Picking OTUs and open reference OTUs returns huge number of similar OTUs

Alex Crits-Christoph

unread,

Apr 20, 2016, 7:34:46 PM4/20/16

to Qiime 1 Forum

Hello all,

I recently ran the command below on a quality filtered FASTA file of 808,184 Illumina reads from ~10 low diversity environmental samples.

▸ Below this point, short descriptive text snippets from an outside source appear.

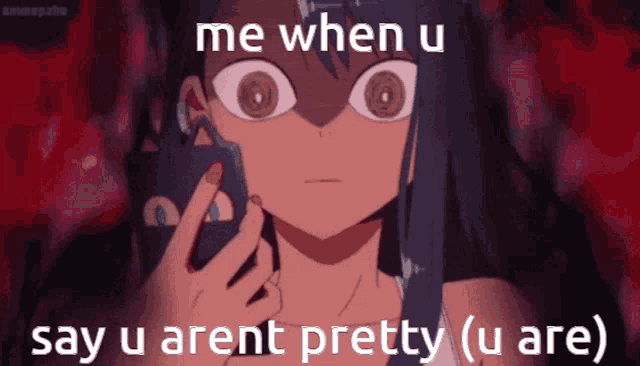 a cartoon of a girl talking on a phone with the caption me when u say u arent pretty ( u are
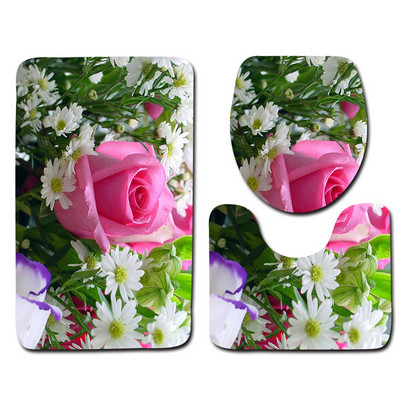 Cvjetni set prostirki za kupaonicu WC prostirka Neklizajuća kupaonica Tepih Postolje Tepih WC prostirka Poklopac Tepih Upijajuća prostirka za tuš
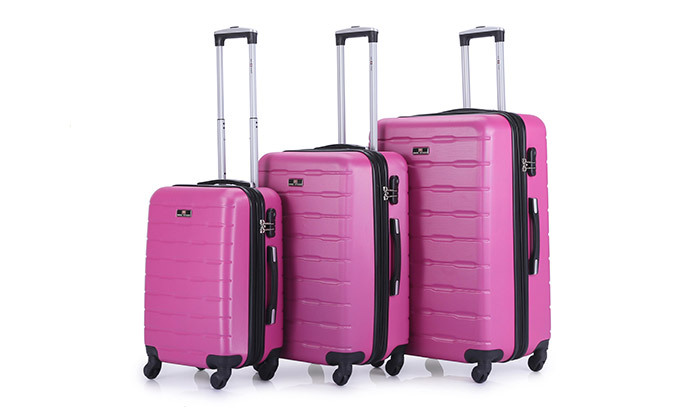 4 סט 3 מזוודות קשיחות 20, 24 ו-28 אינץ' SWISS ROMO - צבעים לבחירה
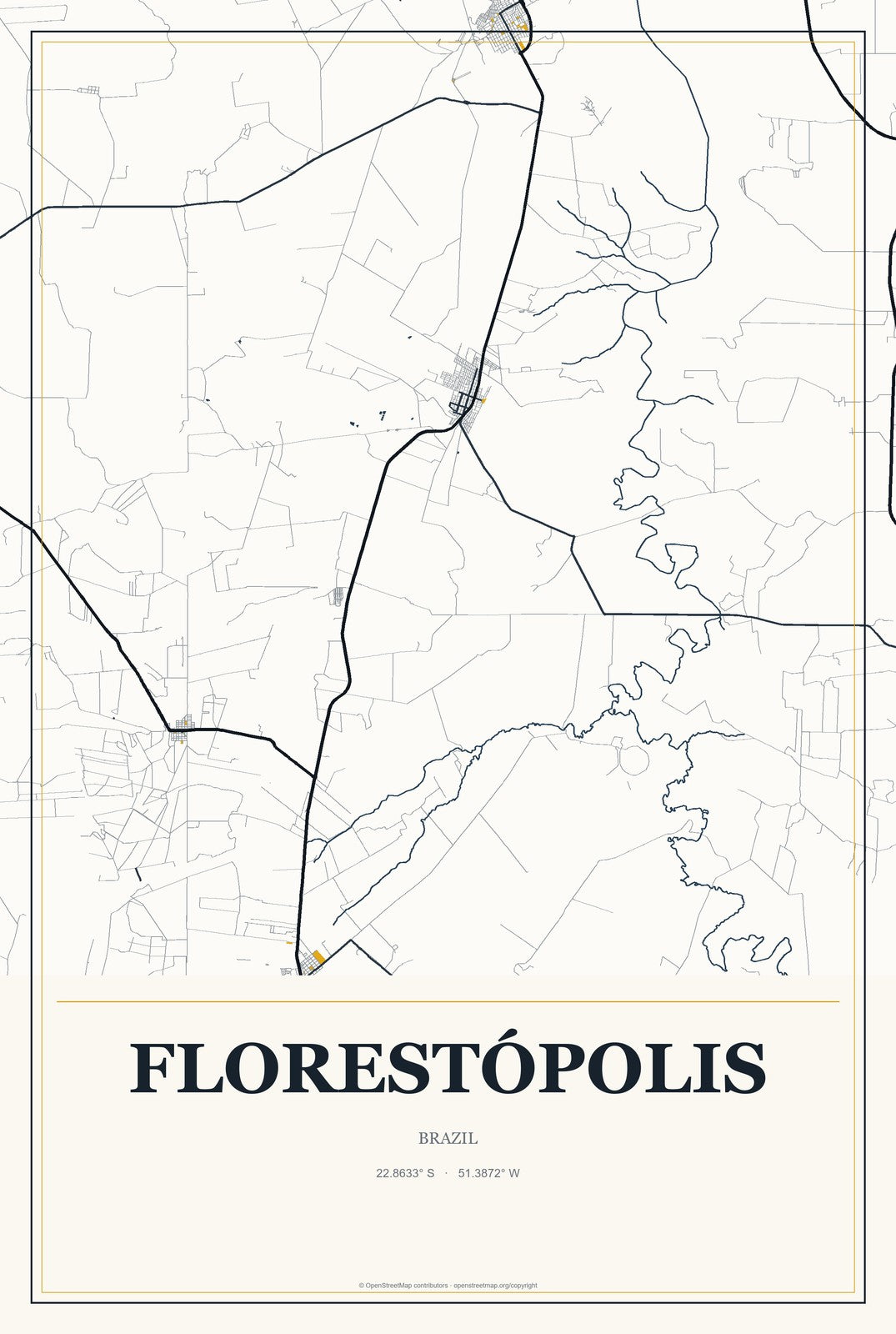Florestópolis, Brazil City Map Aluminum Sign in Citrine Modern style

pick_otus.py -i ../seqs.fasta -r ./97_otus.fasta -s 0.97 -m usearch61 --threads 8 -o otu_output_pick_manual_usearch

The command completes successfully, and the log file shows:

Usearch610DeNovoOtuPicker parameters:

Application:usearch61

minlen:64

output_dir:otu_output_pick_manual_usearch

percent_id:0.97

remove_usearch_logs:False

rev:False

save_intermediate_files:True

sizeorder:False

threads:8

usearch61_maxaccepts:1

usearch61_maxrejects:32

usearch61_sort_method:abundance

usearch_fast_cluster:False

verbose:False

wordlength:8

Num OTUs:98403

98,000 OTUs? How is that possible? Upon building the reference set, I then aligned a portion of them against each other using MUSCLE and found that many were more than 97% (many 98 or 99.xx% identical representative sequences) similar to other OTU references - what is going on?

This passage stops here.